Content starts

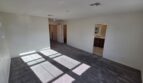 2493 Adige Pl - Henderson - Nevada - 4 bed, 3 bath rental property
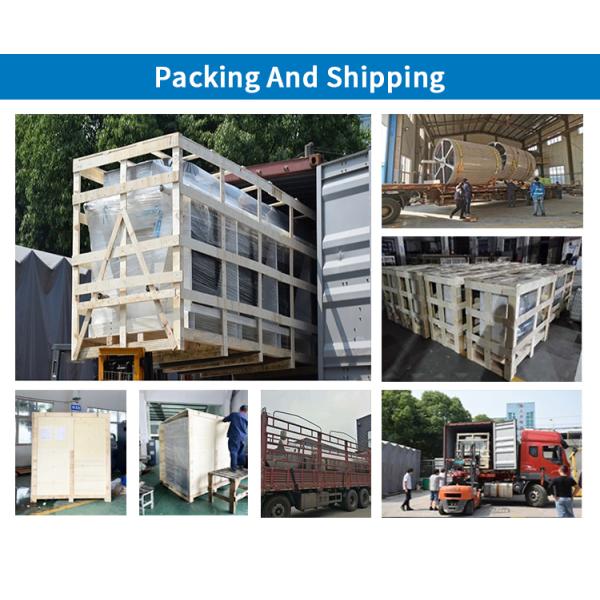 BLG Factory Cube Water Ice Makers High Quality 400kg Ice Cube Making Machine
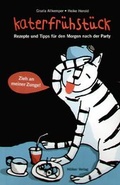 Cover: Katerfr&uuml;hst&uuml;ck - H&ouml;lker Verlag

Content ends

Work to complete:
All that should be printed is the lines from the one containing "BLG Factory Cube" through the last line of the material above, both ends included, exactly as they stand; please skip the pictures.

Output for this task:
 BLG Factory Cube Water Ice Makers High Quality 400kg Ice Cube Making Machine
 Cover: Katerfr&uuml;hst&uuml;ck - H&ouml;lker Verlag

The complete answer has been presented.